■ Information given ■

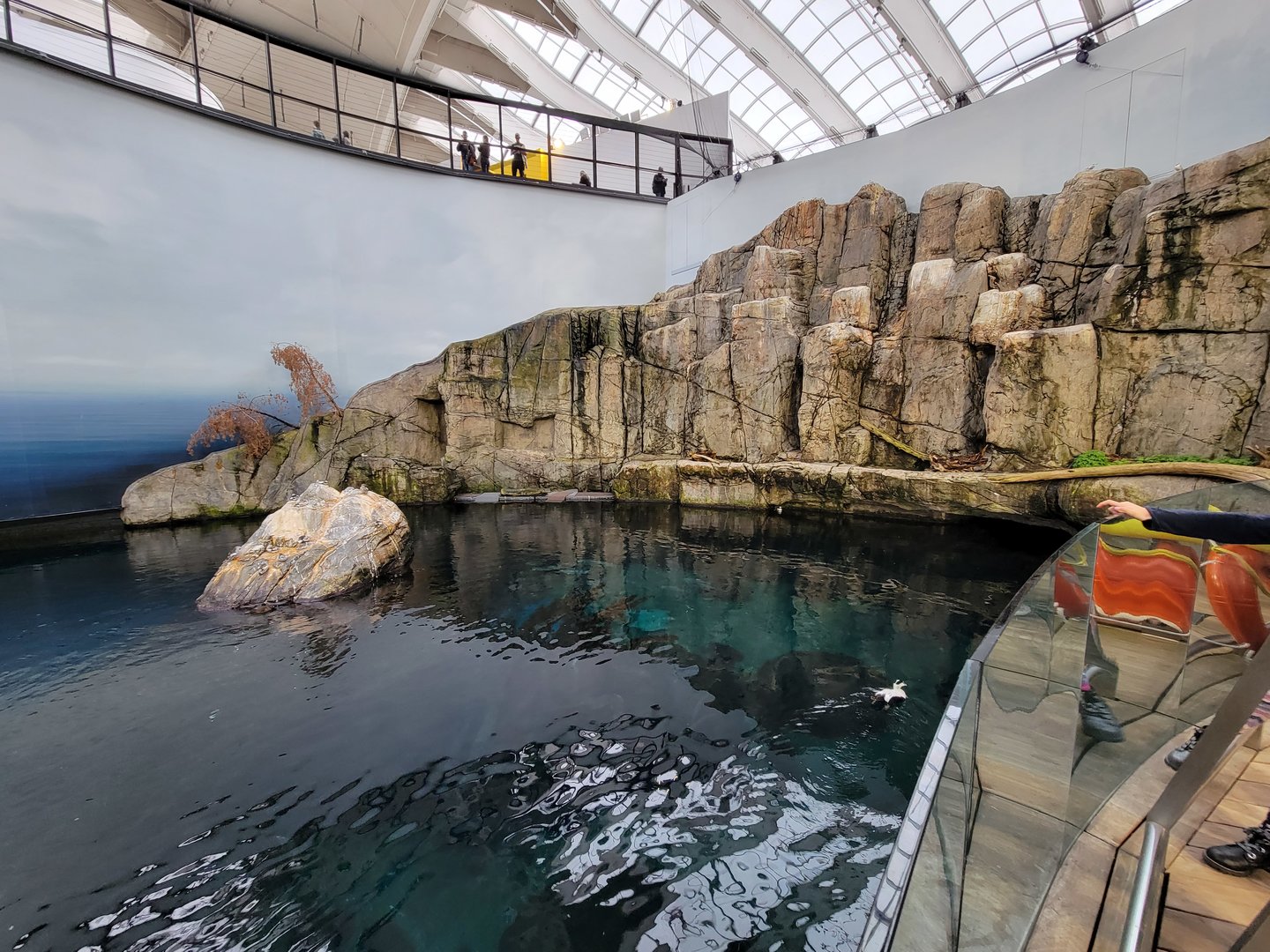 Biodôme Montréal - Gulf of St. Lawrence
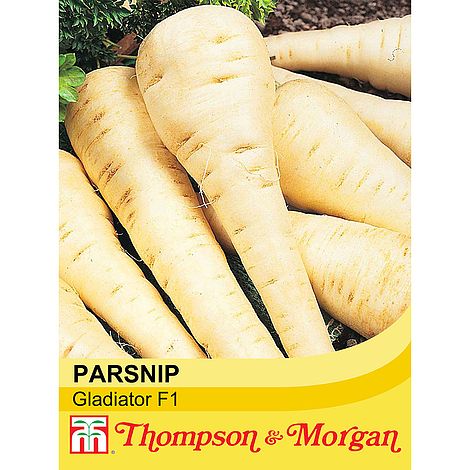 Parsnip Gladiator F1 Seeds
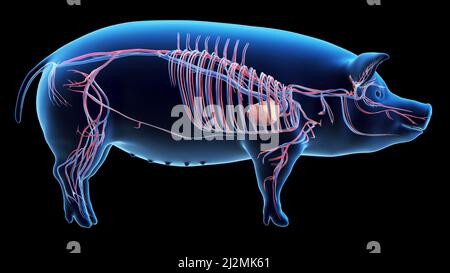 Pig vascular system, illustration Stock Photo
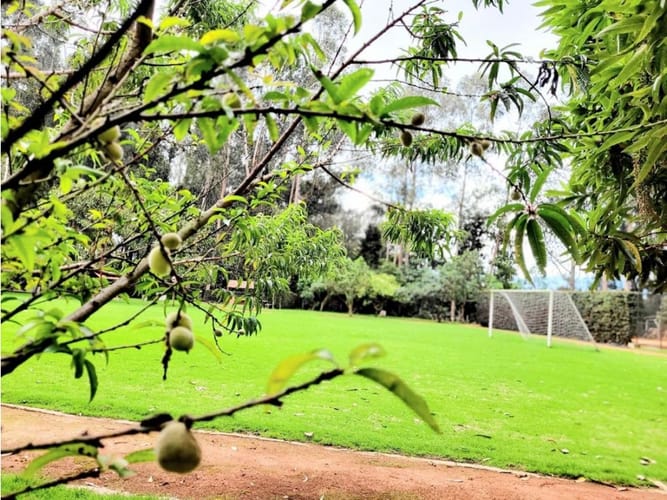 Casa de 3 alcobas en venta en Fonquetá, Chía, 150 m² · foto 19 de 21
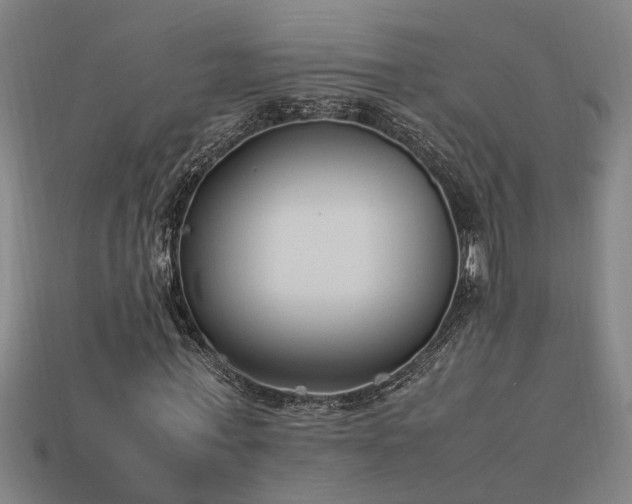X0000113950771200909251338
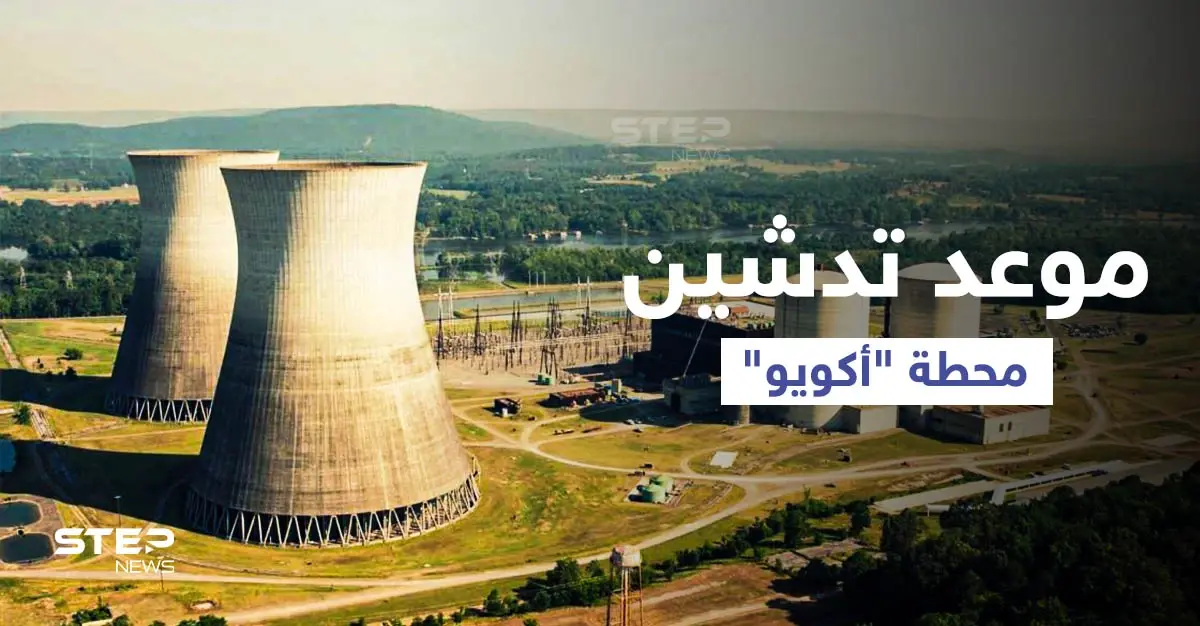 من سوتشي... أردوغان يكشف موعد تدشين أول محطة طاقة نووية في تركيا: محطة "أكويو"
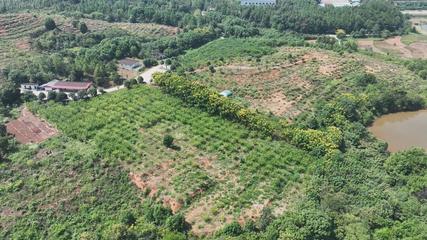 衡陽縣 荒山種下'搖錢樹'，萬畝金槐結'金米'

■ Work request ■
If a record contains a picture, drop the picture and repeat the rest exactly.

■ Exercise answer ■
 Biodôme Montréal - Gulf of St. Lawrence
 Parsnip Gladiator F1 Seeds
 Pig vascular system, illustration Stock Photo
 Casa de 3 alcobas en venta en Fonquetá, Chía, 150 m² · foto 19 de 21
X0000113950771200909251338
 من سوتشي... أردوغان يكشف موعد تدشين أول محطة طاقة نووية في تركيا: محطة "أكويو"
 衡陽縣 荒山種下'搖錢樹'，萬畝金槐結'金米'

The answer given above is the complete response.